A depressão não é uma doença. Para dizer isso, é preciso sair do modelo biomédico. Não significa que esteja ausente o sofrimento depressivo, antes, pelo contrário. São afetos destrutivos, matizados por vivências devastadoras para a sobrevivência subjetiva, mesmo que o organismo por vezes esteja hígido, intacto, funcionando. Assinar o ponto, a obrigação. Ora, se a depressão não é primariamente uma doença fora do sentido biomédico, é sim um estado psíquico desprazeroso, variável em sua gravidade, segundo os fatores que lhe são determinantes. Há uma variação infinita, vetores abstratos não menos reais e atuais.

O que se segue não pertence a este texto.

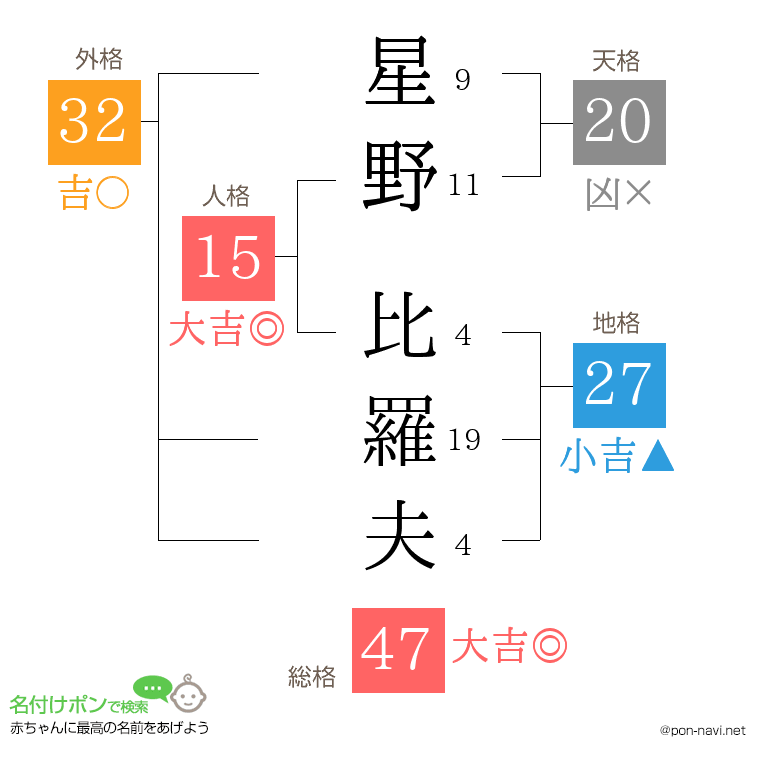 星野 比羅夫さんの姓名判断結果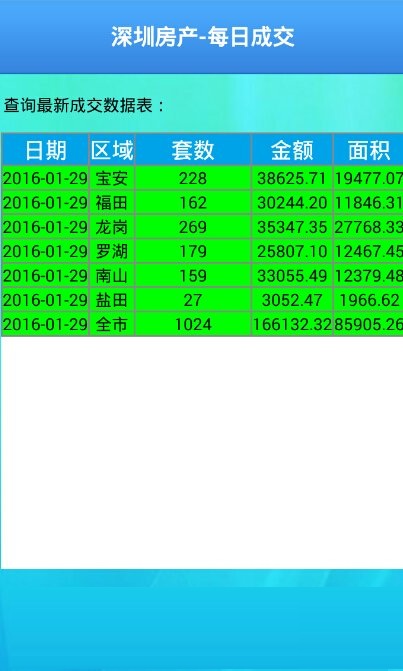 深圳房产每日成交 v1.0 安卓版1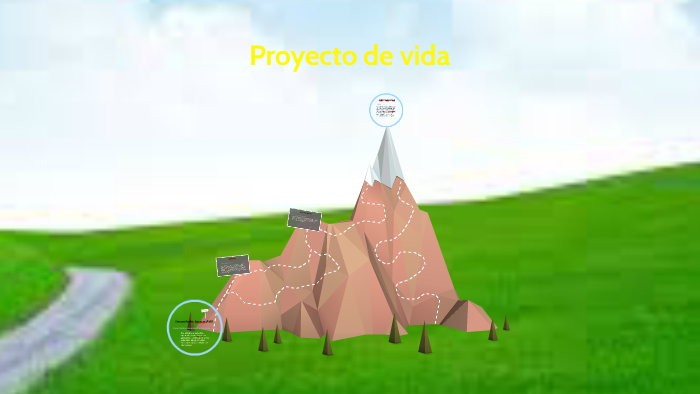 Proyecto de vida by Kelly Velasquez on Prezi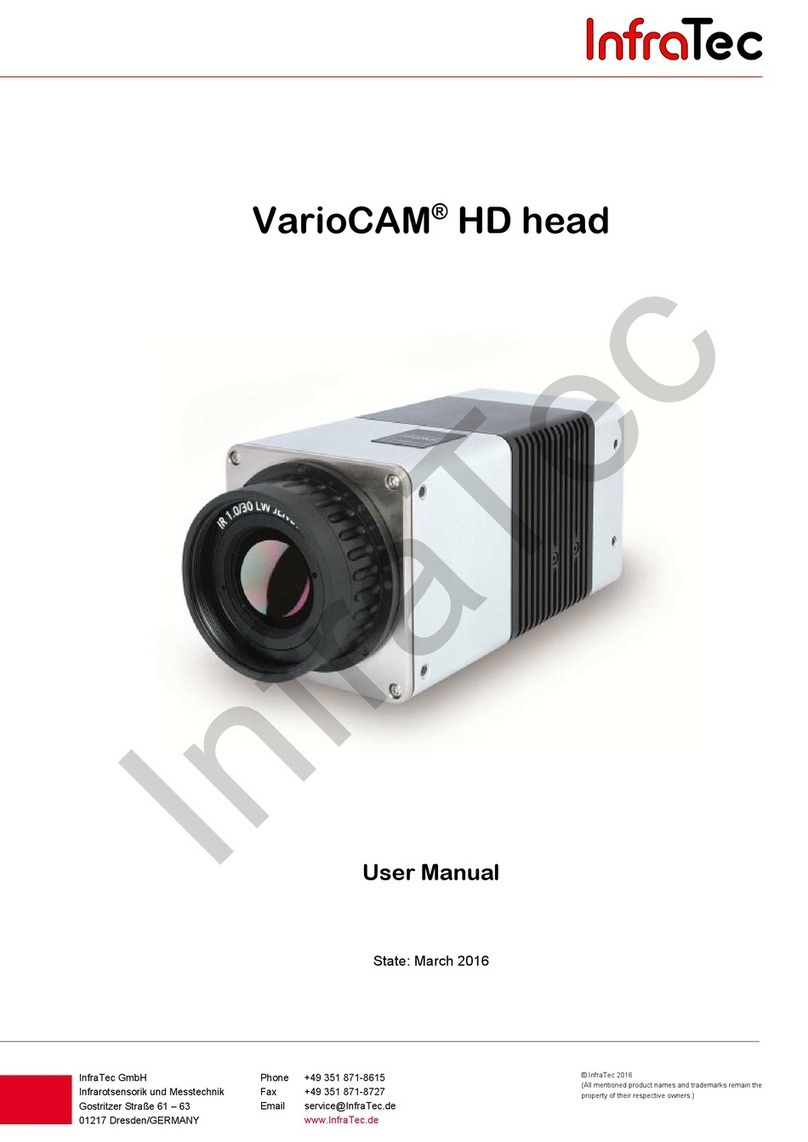 InfraTec VBIP-G user manual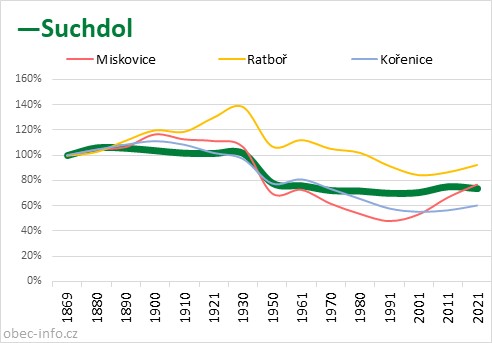 Srovnání počtu obyvatel - Suchdol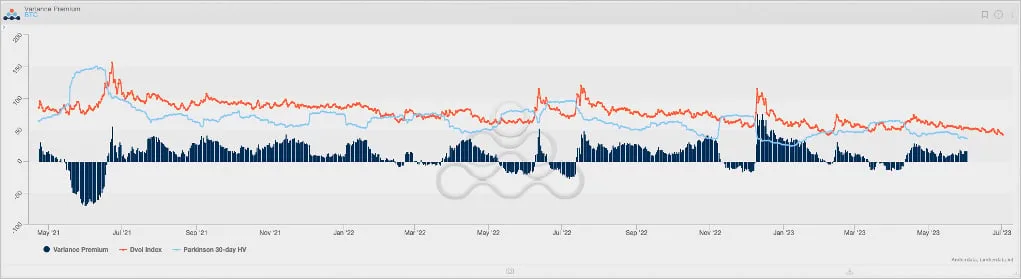 Deribit_Insights - Flow Insights: Drought - Image (10/12)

Queremos pontuar um aspecto singular, o de que ela, a depressão, codificada pela mídia inculta como "o mal do século", tem a sua gênese estritamente ligada à condição humana encravada no "social", o que implica em perdas sucessivas, mortes simbólicas ou reais, e acima de tudo, o estilhaçamento dos valores da sociedade industrial burguesa. O mundo como hospício. Tais valores não são externos à subjetividade. Eles são linhas desejantes que balizam as certezas de quem somos, ou seja, das crenças. Tempos niilistas: em que ou em quem acreditar? Talvez as crenças não mais nos sirvam, pelo menos para uma vida alegre e potente. Não mais para uma uma vida leve. Resta um grande buraco existencial, a depressão in vivo, sofrendo na pele, no corpo, nas vísceras, no olhar, no rosto, nos corpos doloridos e mortificados, a brutalidade dos fascismos à mão cheia e a erosão de sentido dos dias que correm. Os poetas sabem.
A.M.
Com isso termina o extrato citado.